“Sono trascorsi 25 anni” da quel 23 maggio 1992. Allora “avevo 45 anni, oggi ne ho 70. Prima che i miei occhi si chiudano, spero di sapere altre verità“ su quanto accaduto quel giorno “e di guardare in faccia chi ha fatto questo: non merita niente”. “A qualcuno ha fatto paura la nomina di Falcone a procuratore nazionale antimafia”. Giuseppe Costanza, autista di Giovanni Falcone e sopravvissuto alla strage di Capaci, parla agli studenti a bordo della Nave della legalità. Quando prende la parola, anche il più piccolo chiacchiericcio tra i ragazzi in sala si ferma.
“Ero in quella macchina quando siamo saltati in aria – spiega Costanza – e sono vivo solo perché guidava Falcone. Se fossi stato io al volante nessuno ora sarebbe in vita. Perché noi avremmo coperto tutte le carreggiate, tallonandoci, e saremmo andati a finire tutti e tre sulla linea di fuoco” della bomba.
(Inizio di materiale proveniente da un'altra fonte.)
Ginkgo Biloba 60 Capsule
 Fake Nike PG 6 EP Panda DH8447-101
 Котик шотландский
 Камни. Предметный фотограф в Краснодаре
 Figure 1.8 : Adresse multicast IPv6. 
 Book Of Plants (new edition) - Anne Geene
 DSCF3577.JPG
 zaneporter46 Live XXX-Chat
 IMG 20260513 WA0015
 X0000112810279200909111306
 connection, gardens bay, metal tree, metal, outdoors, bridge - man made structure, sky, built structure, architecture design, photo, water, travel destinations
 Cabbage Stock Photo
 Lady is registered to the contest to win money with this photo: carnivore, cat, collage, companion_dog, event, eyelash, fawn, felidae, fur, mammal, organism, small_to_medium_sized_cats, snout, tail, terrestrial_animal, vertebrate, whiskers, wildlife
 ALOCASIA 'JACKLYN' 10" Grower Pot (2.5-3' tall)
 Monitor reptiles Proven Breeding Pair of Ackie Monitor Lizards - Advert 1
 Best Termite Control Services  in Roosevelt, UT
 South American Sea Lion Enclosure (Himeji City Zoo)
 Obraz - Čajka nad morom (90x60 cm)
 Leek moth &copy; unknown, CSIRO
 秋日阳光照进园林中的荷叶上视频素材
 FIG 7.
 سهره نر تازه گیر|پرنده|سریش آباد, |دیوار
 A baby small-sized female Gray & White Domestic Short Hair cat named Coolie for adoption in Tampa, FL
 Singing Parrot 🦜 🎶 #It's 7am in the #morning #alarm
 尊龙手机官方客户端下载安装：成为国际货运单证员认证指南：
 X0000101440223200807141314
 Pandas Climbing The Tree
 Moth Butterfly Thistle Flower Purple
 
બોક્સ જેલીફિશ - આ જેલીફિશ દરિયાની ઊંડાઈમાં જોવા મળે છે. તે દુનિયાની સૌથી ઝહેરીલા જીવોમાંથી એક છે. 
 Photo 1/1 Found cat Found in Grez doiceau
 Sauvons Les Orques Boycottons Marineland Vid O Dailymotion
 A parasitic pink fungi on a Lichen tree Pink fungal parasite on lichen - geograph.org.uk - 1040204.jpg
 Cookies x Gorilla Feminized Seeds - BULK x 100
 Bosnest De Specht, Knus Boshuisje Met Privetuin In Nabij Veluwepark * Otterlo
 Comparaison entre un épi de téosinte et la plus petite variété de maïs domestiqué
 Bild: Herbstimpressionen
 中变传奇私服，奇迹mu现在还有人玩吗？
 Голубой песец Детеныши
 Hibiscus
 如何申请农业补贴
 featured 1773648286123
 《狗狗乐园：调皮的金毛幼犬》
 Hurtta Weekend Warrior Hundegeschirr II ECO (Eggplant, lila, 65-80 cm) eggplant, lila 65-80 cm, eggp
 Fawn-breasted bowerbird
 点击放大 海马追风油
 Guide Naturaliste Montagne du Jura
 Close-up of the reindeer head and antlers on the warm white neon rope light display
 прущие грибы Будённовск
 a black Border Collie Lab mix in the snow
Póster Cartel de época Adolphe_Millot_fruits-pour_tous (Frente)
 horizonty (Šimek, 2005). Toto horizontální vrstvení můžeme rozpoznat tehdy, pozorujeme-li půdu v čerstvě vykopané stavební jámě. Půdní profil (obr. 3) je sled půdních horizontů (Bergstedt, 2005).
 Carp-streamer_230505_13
“Ero seduto dietro – ricorda ancora Costanza – stavamo parlando del più e del meno. Tra noi c’era un rapporto di fiducia. Mi chiese se la macchina da portare a Roma era pronta e io gli dissi di sì. Poi mi disse che arrivato a casa avrebbe avuto un altro appuntamento. Siccome nel quadro comandi erano rimaste inserite le mie chiavi, gli chiesi se, arrivato a casa, potevo prenderle. Lui era soprappensiero, pensava a ben altro, sfilò le chiavi e così spense la macchina. Gli dissi: ‘così ci andiamo ad ammazzare’. Ma questo gesto invece mi ha salvato la vita perché ha rallentato la velocità, la marcia era rimasta inserita e invece di finire sul punto dell’esplosione ci siamo andati a scontrare contro questo muro che si sollevava”.
L’ultimo ricordo che ha con Falcone, confessa ai giovani, “è il gesto con cui mi passa le chiavi e mi chiede scusa” per l’errore. “Poi mi sono svegliato in ospedale, mi hanno informato di un incidente, successivamente mi hanno detto quel che era successo. Sono andato subito sul posto perché altrimenti non ci sarei mai più andato. È assurdo quello che può fare l’uomo: nemmeno le bestie possono, perché loro uccidono solo per fame. Questi invece hanno ucciso per potere, soldi, interesse. Sono trascorsi 25 anni – conclude – sono stati presi gli uomini esecutori, ma oggi per quello che so e per come la vedo la matrice di quelle stragi è una sola: le indagini su cui Falcone voleva procedere dopo la sua nomina a procuratore nazionale antimafia. Borsellino mi venne a trovare in ospedale e mi disse che stava continuando le indagini. A qualcuno ha fatto paura la sua nuova nomina”.